PROBLEM
Of the lines below, write out exactly those from the line with "POLISPORT Clutch Cover Protector Red" through the line with "Win a Year’s", both included, and skip the rest.
───
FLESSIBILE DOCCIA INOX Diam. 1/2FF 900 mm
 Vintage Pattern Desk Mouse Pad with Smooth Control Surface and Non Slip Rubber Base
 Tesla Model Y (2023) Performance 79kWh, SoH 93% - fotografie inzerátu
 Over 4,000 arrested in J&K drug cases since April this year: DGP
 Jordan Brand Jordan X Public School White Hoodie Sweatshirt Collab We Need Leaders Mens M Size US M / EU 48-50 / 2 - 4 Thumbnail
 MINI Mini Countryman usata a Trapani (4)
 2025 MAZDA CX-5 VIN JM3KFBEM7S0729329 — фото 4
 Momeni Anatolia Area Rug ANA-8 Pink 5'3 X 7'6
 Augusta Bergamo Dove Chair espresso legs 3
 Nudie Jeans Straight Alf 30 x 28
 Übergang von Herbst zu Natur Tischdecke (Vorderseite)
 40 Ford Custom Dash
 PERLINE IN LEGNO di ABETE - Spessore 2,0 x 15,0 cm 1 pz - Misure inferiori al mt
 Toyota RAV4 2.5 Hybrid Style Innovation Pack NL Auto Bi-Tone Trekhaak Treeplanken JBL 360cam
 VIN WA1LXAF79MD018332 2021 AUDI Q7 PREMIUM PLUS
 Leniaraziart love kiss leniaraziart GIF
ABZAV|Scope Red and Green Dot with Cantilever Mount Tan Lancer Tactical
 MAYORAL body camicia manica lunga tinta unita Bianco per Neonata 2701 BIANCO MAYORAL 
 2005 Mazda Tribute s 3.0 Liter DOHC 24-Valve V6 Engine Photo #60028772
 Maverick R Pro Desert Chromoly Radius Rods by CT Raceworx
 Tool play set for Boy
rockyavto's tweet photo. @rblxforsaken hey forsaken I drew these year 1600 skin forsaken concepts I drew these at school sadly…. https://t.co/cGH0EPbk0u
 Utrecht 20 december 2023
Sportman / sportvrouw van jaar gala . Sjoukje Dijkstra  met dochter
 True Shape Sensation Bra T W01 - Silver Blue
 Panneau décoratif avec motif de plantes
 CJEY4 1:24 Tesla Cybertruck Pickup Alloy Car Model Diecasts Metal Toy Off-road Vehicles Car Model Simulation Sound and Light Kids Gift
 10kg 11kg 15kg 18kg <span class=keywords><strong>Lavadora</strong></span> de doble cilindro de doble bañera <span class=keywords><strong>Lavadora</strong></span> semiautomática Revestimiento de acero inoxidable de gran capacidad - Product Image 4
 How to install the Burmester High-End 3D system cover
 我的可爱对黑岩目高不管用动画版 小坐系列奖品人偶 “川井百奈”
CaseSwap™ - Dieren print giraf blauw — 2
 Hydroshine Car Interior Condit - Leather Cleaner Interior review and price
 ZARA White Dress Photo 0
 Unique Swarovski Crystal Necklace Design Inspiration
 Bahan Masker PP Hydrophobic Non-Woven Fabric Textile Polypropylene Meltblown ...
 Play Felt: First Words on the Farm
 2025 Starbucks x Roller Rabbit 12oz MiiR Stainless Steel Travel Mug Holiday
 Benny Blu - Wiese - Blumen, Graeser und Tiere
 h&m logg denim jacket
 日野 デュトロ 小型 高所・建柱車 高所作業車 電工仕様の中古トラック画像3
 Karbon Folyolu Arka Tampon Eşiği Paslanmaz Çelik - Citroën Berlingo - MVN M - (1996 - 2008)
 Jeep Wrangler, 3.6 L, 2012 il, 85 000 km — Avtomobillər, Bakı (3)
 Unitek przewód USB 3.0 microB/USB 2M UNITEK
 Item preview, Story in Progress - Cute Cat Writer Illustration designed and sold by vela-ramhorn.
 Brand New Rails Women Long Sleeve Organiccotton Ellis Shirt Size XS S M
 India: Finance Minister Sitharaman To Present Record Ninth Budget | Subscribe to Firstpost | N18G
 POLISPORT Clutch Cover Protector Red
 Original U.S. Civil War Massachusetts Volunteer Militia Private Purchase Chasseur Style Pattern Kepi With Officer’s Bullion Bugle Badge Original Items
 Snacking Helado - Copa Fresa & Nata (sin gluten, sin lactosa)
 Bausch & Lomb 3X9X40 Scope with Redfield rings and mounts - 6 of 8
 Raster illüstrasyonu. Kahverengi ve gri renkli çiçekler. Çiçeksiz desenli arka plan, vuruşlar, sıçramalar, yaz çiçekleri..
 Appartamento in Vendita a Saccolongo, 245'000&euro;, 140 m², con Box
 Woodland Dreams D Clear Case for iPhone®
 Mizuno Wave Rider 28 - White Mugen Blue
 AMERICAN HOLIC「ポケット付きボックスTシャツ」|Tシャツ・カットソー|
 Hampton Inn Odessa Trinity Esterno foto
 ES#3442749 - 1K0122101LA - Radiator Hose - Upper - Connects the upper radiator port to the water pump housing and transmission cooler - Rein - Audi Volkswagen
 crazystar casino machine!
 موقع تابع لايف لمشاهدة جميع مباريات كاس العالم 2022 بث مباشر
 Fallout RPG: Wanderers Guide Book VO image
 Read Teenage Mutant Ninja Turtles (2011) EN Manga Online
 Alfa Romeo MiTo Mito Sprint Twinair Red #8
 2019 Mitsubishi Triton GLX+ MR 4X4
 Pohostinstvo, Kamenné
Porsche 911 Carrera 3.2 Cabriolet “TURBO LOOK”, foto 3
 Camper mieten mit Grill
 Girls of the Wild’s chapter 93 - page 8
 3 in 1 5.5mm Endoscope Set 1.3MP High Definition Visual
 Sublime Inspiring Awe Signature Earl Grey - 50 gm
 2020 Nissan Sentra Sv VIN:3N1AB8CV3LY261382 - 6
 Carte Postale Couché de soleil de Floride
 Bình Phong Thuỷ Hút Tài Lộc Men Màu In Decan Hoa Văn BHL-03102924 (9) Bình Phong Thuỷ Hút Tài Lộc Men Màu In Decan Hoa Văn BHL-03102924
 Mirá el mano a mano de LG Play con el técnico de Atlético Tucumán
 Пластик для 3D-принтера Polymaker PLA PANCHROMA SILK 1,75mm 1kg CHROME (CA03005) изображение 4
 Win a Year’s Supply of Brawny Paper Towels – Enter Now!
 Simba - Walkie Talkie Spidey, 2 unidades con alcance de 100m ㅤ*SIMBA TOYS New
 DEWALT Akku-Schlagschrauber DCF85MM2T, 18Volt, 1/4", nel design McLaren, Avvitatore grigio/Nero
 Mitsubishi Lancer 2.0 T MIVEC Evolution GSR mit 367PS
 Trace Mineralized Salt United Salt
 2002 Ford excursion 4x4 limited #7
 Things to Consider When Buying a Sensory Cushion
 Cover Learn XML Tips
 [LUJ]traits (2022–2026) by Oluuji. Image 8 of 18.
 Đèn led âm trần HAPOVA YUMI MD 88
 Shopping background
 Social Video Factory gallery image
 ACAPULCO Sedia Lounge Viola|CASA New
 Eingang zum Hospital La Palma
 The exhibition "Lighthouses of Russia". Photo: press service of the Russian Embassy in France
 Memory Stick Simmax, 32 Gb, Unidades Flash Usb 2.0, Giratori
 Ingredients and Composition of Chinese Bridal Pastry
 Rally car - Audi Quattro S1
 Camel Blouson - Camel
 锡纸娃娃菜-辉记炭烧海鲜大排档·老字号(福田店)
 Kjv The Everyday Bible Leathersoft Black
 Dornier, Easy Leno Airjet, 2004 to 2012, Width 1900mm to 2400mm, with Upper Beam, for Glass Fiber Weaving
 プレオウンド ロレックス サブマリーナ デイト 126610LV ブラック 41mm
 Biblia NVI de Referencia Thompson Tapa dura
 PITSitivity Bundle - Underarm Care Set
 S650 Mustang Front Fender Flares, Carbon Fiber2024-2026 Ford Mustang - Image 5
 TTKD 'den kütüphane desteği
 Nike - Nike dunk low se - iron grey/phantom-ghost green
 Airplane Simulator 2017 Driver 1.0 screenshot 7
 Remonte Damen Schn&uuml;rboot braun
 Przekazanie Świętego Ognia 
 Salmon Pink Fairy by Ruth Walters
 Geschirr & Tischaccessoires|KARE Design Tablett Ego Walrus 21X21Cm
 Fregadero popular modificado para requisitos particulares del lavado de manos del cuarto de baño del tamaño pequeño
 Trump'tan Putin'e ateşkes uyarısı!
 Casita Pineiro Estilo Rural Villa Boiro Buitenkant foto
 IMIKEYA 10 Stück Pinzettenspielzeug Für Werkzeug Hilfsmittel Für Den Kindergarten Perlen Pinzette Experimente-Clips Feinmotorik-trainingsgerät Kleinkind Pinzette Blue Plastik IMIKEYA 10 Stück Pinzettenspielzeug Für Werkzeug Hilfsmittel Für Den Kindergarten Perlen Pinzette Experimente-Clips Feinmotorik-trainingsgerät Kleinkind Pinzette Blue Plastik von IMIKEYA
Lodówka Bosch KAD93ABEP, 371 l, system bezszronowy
───
RESPONSE AREA
 POLISPORT Clutch Cover Protector Red
 Original U.S. Civil War Massachusetts Volunteer Militia Private Purchase Chasseur Style Pattern Kepi With Officer’s Bullion Bugle Badge Original Items
 Snacking Helado - Copa Fresa & Nata (sin gluten, sin lactosa)
 Bausch & Lomb 3X9X40 Scope with Redfield rings and mounts - 6 of 8
 Raster illüstrasyonu. Kahverengi ve gri renkli çiçekler. Çiçeksiz desenli arka plan, vuruşlar, sıçramalar, yaz çiçekleri..
 Appartamento in Vendita a Saccolongo, 245'000&euro;, 140 m², con Box
 Woodland Dreams D Clear Case for iPhone®
 Mizuno Wave Rider 28 - White Mugen Blue
 AMERICAN HOLIC「ポケット付きボックスTシャツ」|Tシャツ・カットソー|
 Hampton Inn Odessa Trinity Esterno foto
 ES#3442749 - 1K0122101LA - Radiator Hose - Upper - Connects the upper radiator port to the water pump housing and transmission cooler - Rein - Audi Volkswagen
 crazystar casino machine!
 موقع تابع لايف لمشاهدة جميع مباريات كاس العالم 2022 بث مباشر
 Fallout RPG: Wanderers Guide Book VO image
 Read Teenage Mutant Ninja Turtles (2011) EN Manga Online
 Alfa Romeo MiTo Mito Sprint Twinair Red #8
 2019 Mitsubishi Triton GLX+ MR 4X4
 Pohostinstvo, Kamenné
Porsche 911 Carrera 3.2 Cabriolet “TURBO LOOK”, foto 3
 Camper mieten mit Grill
 Girls of the Wild’s chapter 93 - page 8
 3 in 1 5.5mm Endoscope Set 1.3MP High Definition Visual
 Sublime Inspiring Awe Signature Earl Grey - 50 gm
 2020 Nissan Sentra Sv VIN:3N1AB8CV3LY261382 - 6
 Carte Postale Couché de soleil de Floride
 Bình Phong Thuỷ Hút Tài Lộc Men Màu In Decan Hoa Văn BHL-03102924 (9) Bình Phong Thuỷ Hút Tài Lộc Men Màu In Decan Hoa Văn BHL-03102924
 Mirá el mano a mano de LG Play con el técnico de Atlético Tucumán
 Пластик для 3D-принтера Polymaker PLA PANCHROMA SILK 1,75mm 1kg CHROME (CA03005) изображение 4
 Win a Year’s Supply of Brawny Paper Towels – Enter Now!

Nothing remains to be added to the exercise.